The schedule_work call might be responsible for the 10 msec latency you observe.

Serial ports on linux are "wrapped" into unix-style terminal constructs, which hits you with 1 tick lag, i.e. 10ms. Try if stty -F /dev/ttySx raw low_latency helps, no guarantees though.

On a PC, you can go hardcore and talk to standard serial ports directly, issue setserial /dev/ttySx uart none to unbind linux driver from serial port hw and control the port via inb/outb to port registers. I've tried that, it works great.

The downside is you don't get interrupts when data arrives and you have to poll the register. often.

You should be able to do same on the arm device side, may be much harder on exotic serial port hw.

Here's what setserial does to set low latency on a file descriptor of a port:

ioctl(fd, TIOCGSERIAL, &serial);
serial.flags |= ASYNC_LOW_LATENCY;
ioctl(fd, TIOCSSERIAL, &serial);

None of those system calls have an effect on latency. If you want to read and write one byte as fast as possible from userspace, you really aren't going to do better than a simple read()/write() pair. Try replacing the serial stream with a socket from another userspace process and see if the latencies improve. If they don't, then your problems are CPU speed and hardware limitations.
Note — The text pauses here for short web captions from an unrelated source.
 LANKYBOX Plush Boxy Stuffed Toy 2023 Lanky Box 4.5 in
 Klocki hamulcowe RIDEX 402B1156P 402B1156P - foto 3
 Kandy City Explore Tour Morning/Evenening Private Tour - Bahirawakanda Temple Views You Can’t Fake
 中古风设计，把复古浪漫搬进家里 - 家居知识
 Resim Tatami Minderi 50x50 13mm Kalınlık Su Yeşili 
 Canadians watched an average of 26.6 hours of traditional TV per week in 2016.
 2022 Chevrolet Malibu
Are you sure your hardware can do this at all? It's not uncommon to find UARTs with a buffer design that introduces many bytes worth of latency.

In short: Use a USB adapter and ASYNC_LOW_LATENCY.
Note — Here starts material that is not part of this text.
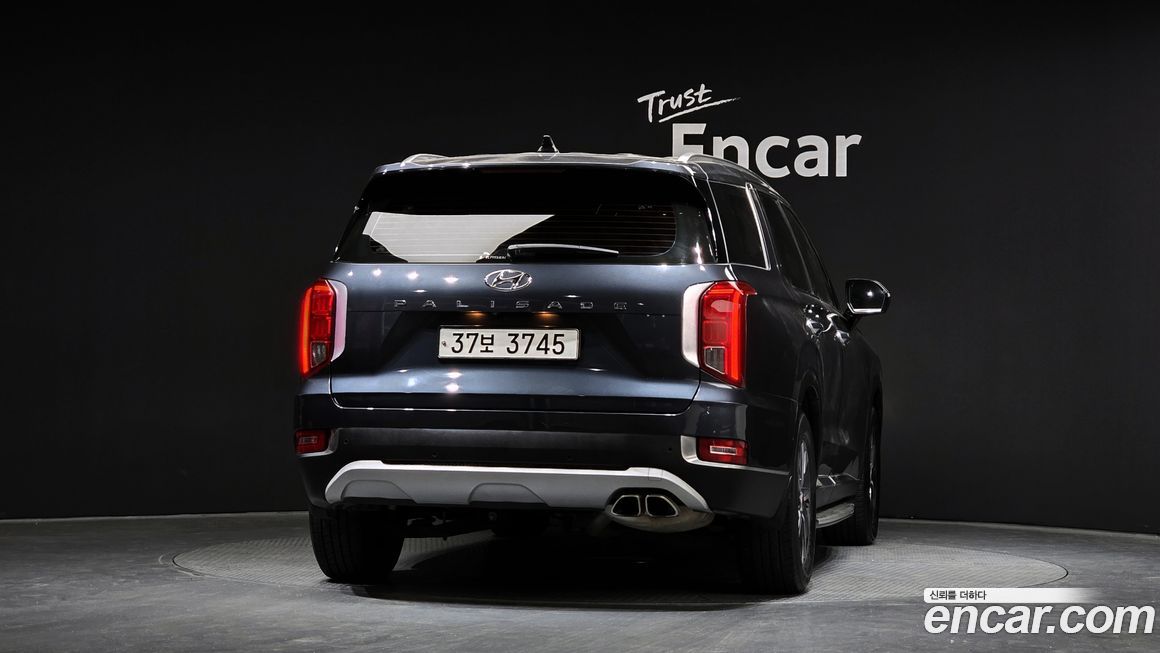 Hyundai Palisade 2019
I've used a FT232RL based USB adapter on Modbus at 115.2 kbs.

I get about 5 transactions (to 4 devices) in about 20 mS total with ASYNC_LOW_LATENCY. This includes two transactions to a slow-poke device (4 mS response time).

Without ASYNC_LOW_LATENCY the total time is about 60 mS.

With FTDI USB adapters ASYNC_LOW_LATENCY sets the inter-character timer on the chip itself to 1 mS (instead of the default 16 mS).

I'm currently using a home-brewed USB adapter and I can set the latency for the adapter itself to whatever value I want. Setting it at 200 µS shaves another mS off that 20 mS.

At those line speeds you should not be seeing latencies that large, regardless of how you check for readiness.

You need to make sure the serial port is in raw mode (so you do "noncanonical reads") and that VMIN and VTIME are set correctly. You want to make sure that VTIME is zero so that an inter-character timer never kicks in. I would probably start with setting VMIN to 1 and tune from there.

The syscall overhead is nothing compared to the time on the wire, so select() vs. poll(), etc. is unlikely to make a difference.